After returning from his trip to England, funded by Ralph Waldo Emerson, Amos Bronson Alcott had a dream for a transcendental utopia. Alcott brought Charles Lane, his son, and Henry Gardiner Wright back from England with him in September 1842 to help make this dream a reality.

Charles Lane, from Bronson Alcott’s Fruitlands by Clara Endicott Sears. Boston: Houghton Mifflin Company 1915. Page 42. Via Wikimedia Commons.

Lane and Alcott wished to build heaven on earth. Charles Lane had strict ideas about how life is best lived. He believed people who joined this utopian community should forgo sex, affection, and appetizing food.

In addition to Lane’s commandments, their community would use no slave labor and no money. Alcott understood eating meat as a form of murder. Likewise, consuming animal’s milk, eggs, and labor was a type of theft. In their utopia, there would be no animal products, and they would rely on animal labor as little as possible.

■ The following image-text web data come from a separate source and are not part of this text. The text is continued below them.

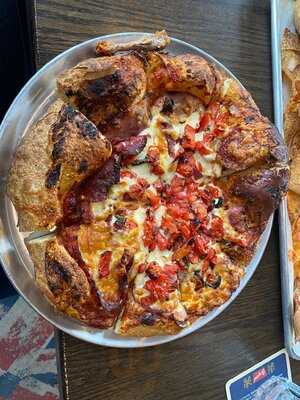 Tommyfield Gastro Pub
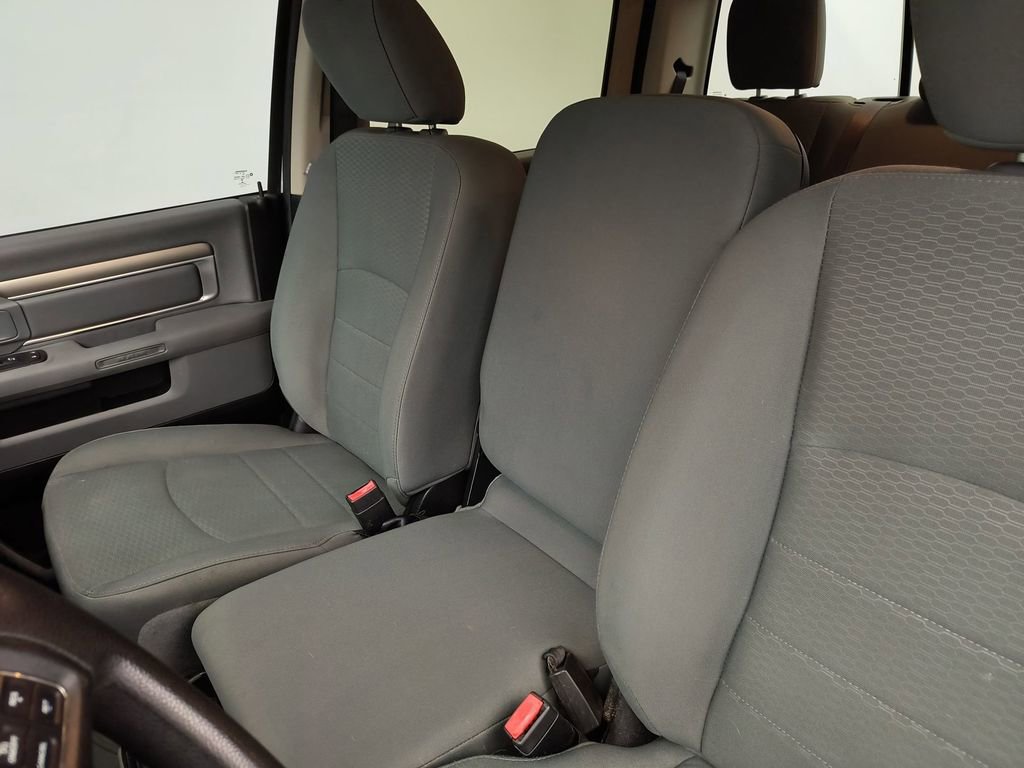 Used 2016 RAM 2500 SLT AWD/4WD image 25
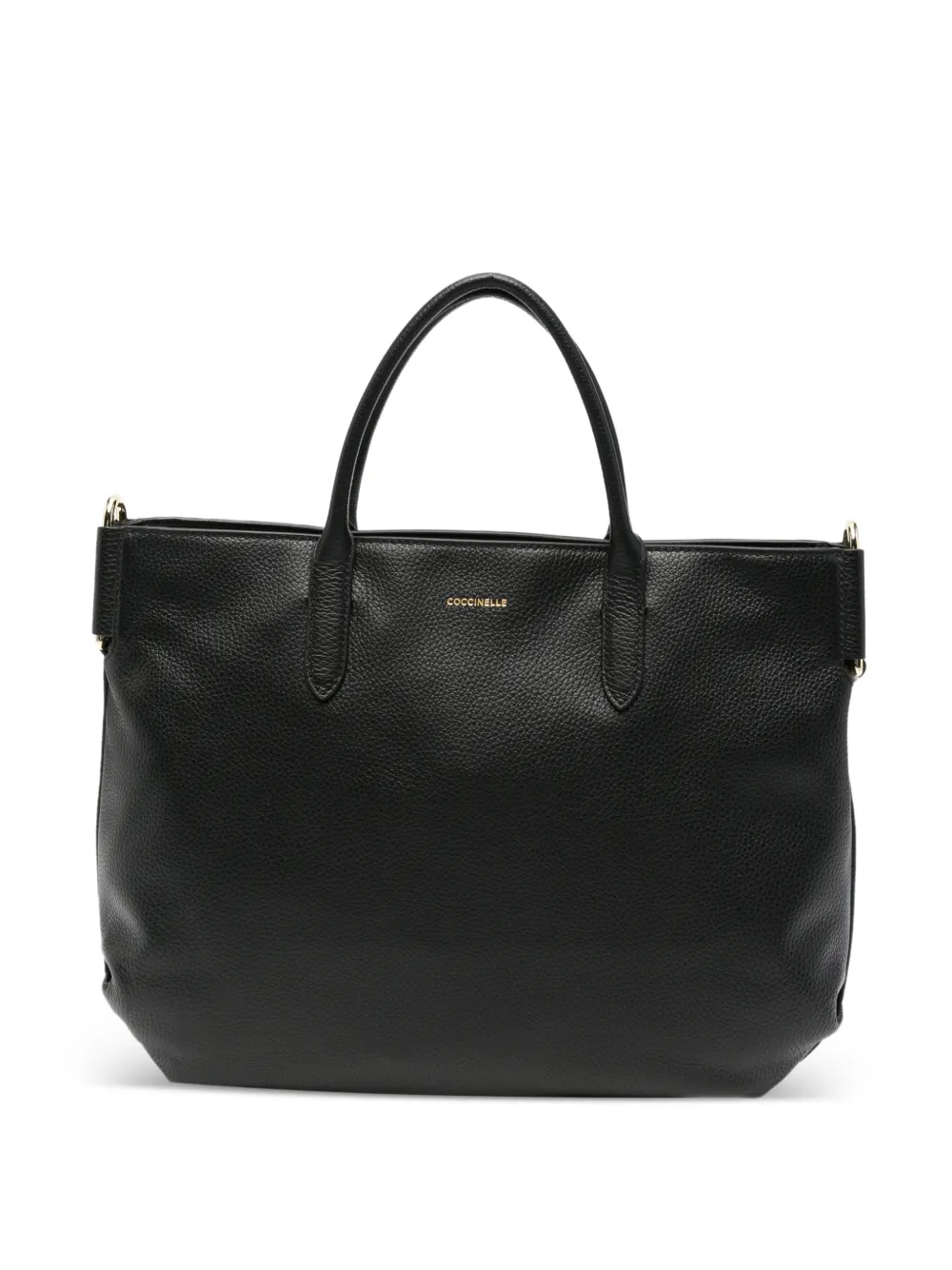 Coccinelle Rebekka tote bag - Nero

The Lane and Bronson approved diet consisted mostly of apples and bread. Alcott explained these extreme measures, saying that,

“the evils of life are not so much social or political, as personal; and a personal reform only can eradicate them.”

The Fruitlands community began in the Alcott’s Hosmer Cottage in Concord. Together, the Alcotts, Lanes, and Wright began adhering to a vegan diet and other heavenly restrictions. Wright left during the first winter as he was unable or unwilling to adhere to Lane’s celibacy rule.

At Hosmer Cottage, in January 1843, Alcott was arrested for refusing to pay his annual poll tax. When he was brought to the jailhouse, the jailer was nowhere to be found. Alcott waited two hours while the constable looked for the jailer. Samuel Hoar, a local attorney, heard Alcott was being arrested. Hoar paid Alcott’s poll tax, though Alcott had wished to be imprisoned. Charles Lane wrote about this incident in The Liberator in which he painted Alcott as a hero against state slavery. This incident inspired Thoreau’s own imprisonment after neglecting his poll tax which led to his famous essay “Civil Disobedience.”

Henry David Thoreau often visited Hosmer Cottage to talk with Bronson Alcott and Charles Lane. Lane and Thoreau developed respect for one another, although Lane could not condone Thoreau’s deep, almost sensual love for nature. Lane described it as the most

“subtle and dangerous of sins; a refined idolatry, much more to be dreaded than gross wickedness, because the gross sinner would be alarmed by the depth of his degradation, and come up from it in terror, but the unhappy idolaters of nature were deceived by the refined quality of their sin…”

When Ralph Waldo Emerson and Henry David Thoreau were asked to join Alcott and Lane’s utopia, they both declined.